The first 10 miles were brilliant and Susi was running strong. Even though I am happiest at ultra pace, I find it very hard to run very slow, and running slow we were. But this was a personal exercise for me in patience and being supportive. The amount of times I have started with someone and then got bored and run off.....that was NOT going to happen today. I didn't care how long it took, I wanted Susi to finish in one piece, happy and with amazing memories. I also wanted her to sign up for another event, and a bad experience would have thwarted that. Lastly, I am training for Mongolia, so time on my feet is important. I think a lot of people thing training is about distance, but as far as I am concerned its about spending time on your feet. If you can run/walk a decent slog for 7 hours, you can get ultra ready. I also had Portsmouth Coastal Skipathon Marathon the next day, and so didn't want to do anything that would scupper that. Well I did, because Portsmouth is terrible, but that’s for another blog.

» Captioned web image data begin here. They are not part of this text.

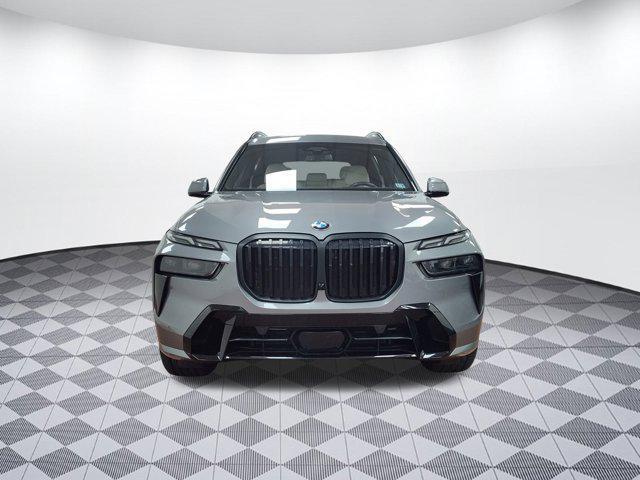 used 2023 BMW X7 car, priced at $71,999
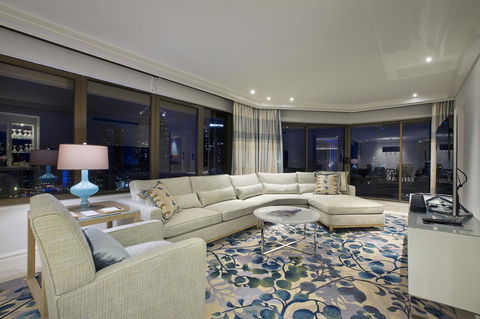The Star Grand At The Star Gold Coast - Nambucca Heads Accommodation 32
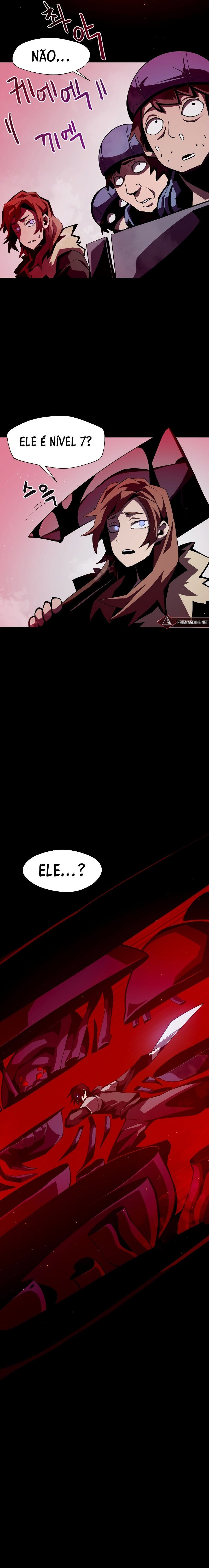Read Dungeon Odyssey PT Manga Online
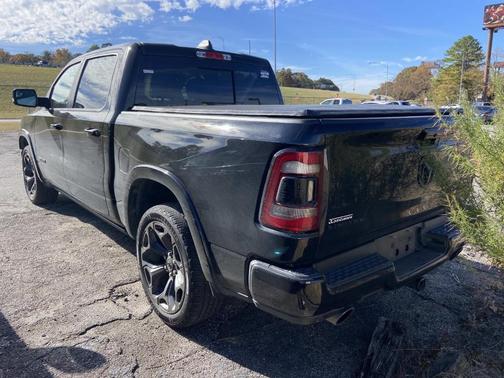 2022 RAM 1500 Limited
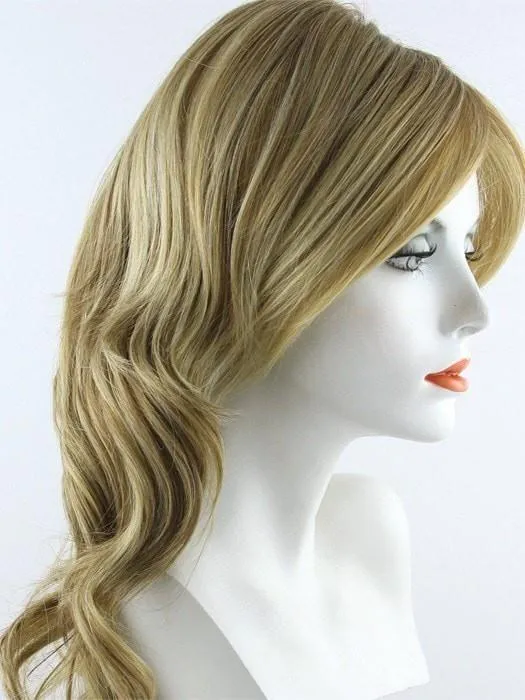 Spicy | HF Synthetic Lace Front Wig (Hand-Tied)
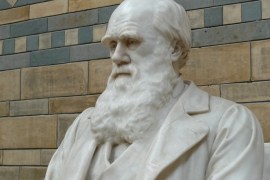 blogs - تشارلز داروين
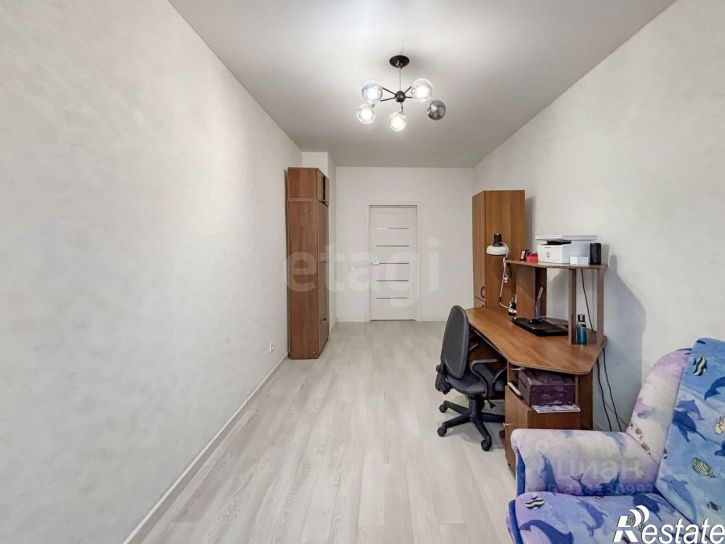 3-комн квартира Октябрьский пр-кт, 19,  д. 19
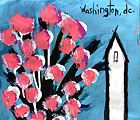 matt sesow selftaught artist
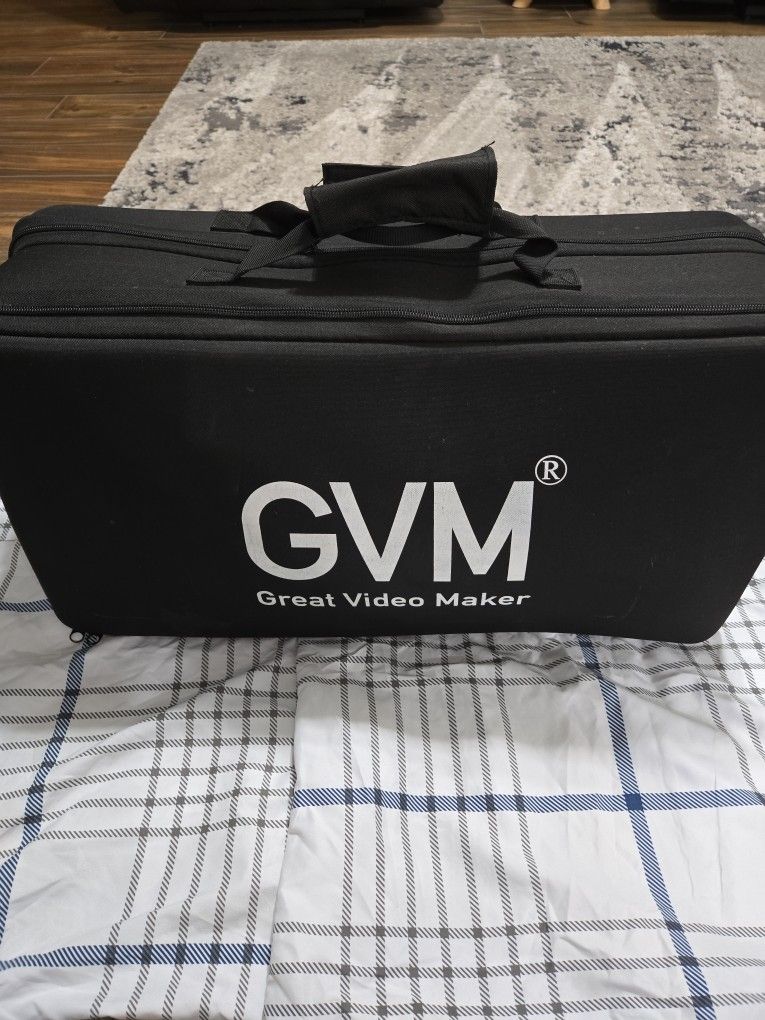 GVM Great Video Maker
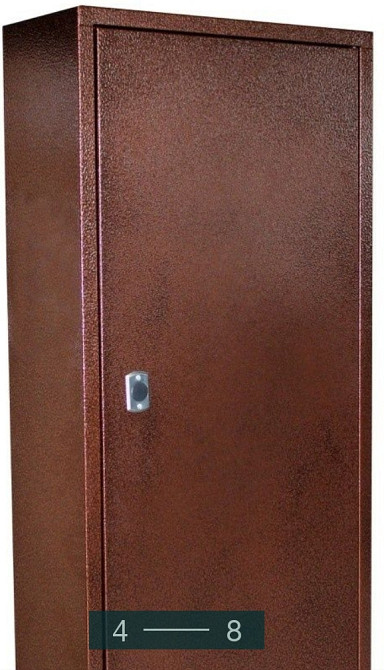 Сейф для оружия,на две,три единицы! Киев - изображение 4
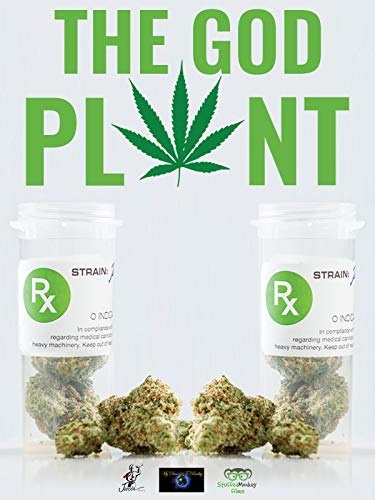 The God Plant 2018 AMZN WEBRip AAC2 0 x264-NTG The God Plant 2018 AMZN WEBRip AAC2 0 x264-NTG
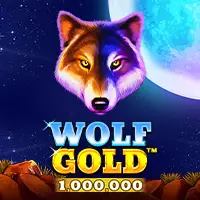 Wolf Gold 1000000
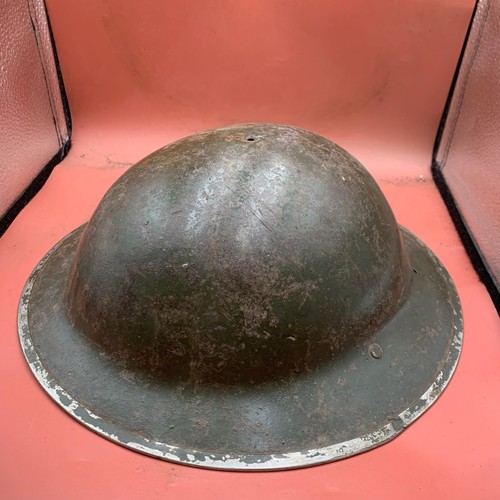 Original ww2 british army mk2 - ww2,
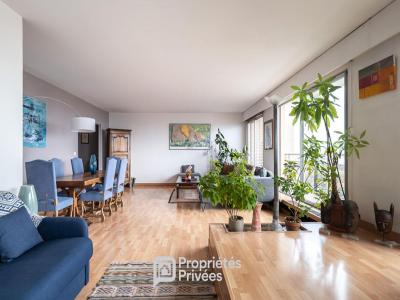 Acheter Appartement Courbevoie 895000 euros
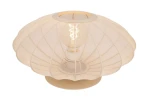 Lampa stołowa Lucide CORINA 03547/40/38 beżowy
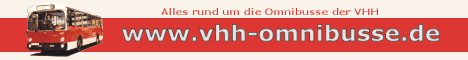 VHH Omnibusse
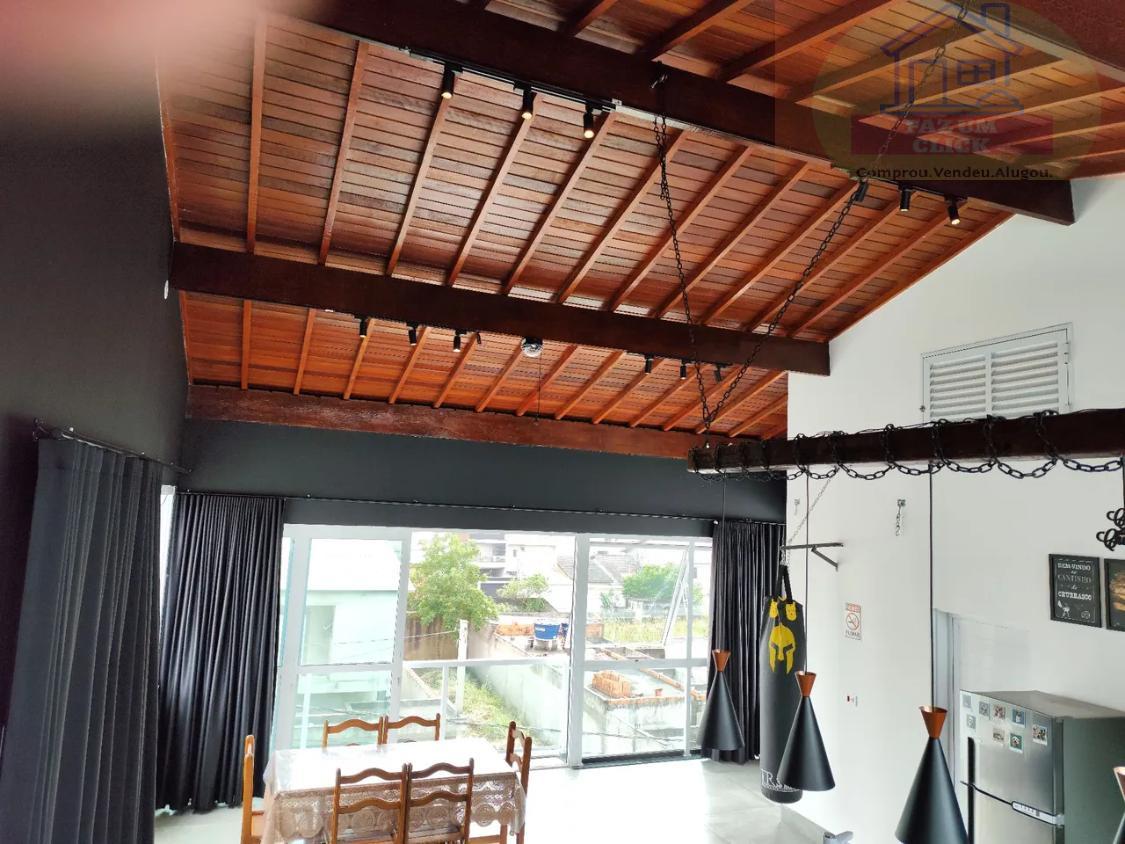 Sobrado, 4 quartos, 450 m² - Foto 6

After the first 10 miles and 5 rivers, things started to slow down and it got VERY muddy, We were running through the areas the Tanks drive and in some places it was mid calf deep mud. An attempt at aggressive cornering through what I thought was a puddle, ended up with me being almost knee deep in mud and stuck. Classic AB move. And there were hills. Lots of hills. Some steep, some bastard long slow sandy ones. But hills are for eating and walking, and when you snack as much as I do, they’re quite welcome.
The scenery was beautiful - heath land littered with old tanks in the bushes, huge trees and muddy trails. I felt extremely lucky to be allowed to run across land that is owned by the MOD - it’s a place that the public just cannot access and that is awesome. The Lovestation (that’s the WSR aid station) was stocked brilliantly and as always the volunteers were there for a kiss and a hug and to give us a gin/vodka/mulled cider - all very welcome on the way back. Plus, at my request they had gherkins. Gherkins are the food of ultra running kings. By the amount left on the way back, I was obviously the only person that thought that. THANKS ANDY! (Don't chop them up so small next time)
Professional Athletes
Note mud up to knees post running through a puddle that wasn't a puddle.
Mile 18-27 was hard. I felt really good, and the temptation to trot off and smash out the last few miles was REALLY strong. But no, I wasn’t doing this one for me, I wanted to support Susi. There was a lot more walking going on at this point, so I suggested a run for 5 mins, walk for one rule - that plan was quickly fucked by the hills. So I just tried to apply a little pressure every now and again to get Susi trotting along at a slow pace without her punching me in the face. She was glorious. She didn’t whinge or whine or complain, and I know I can be pretty fucking annoying when I am barking at people to run.
The last few miles crept by slowly and we trotted in in 6.35 - a very long time for anyone to be on their feet in those conditions. Susi had done it, her first marathon - she had technically done her first Ultra TBF. She got her PB and I had got my personal worst for marathon time. #nailedit
This race was all sorts of awesome - I completely loved every single second of it. Everything from the organisation to the support from all the marshals and volunteers, the environment, that tanks, all of it was amazing. The route was well marked and marshalled, the Lovestation was brilliantly festive and the atmosphere was just the best. The medal’s not too bad either.
If there is only one race you do next year, make it a White Star Running race. I can’t WAIT for Larmer in Mrach. And Susi - this ones for you - congratulations!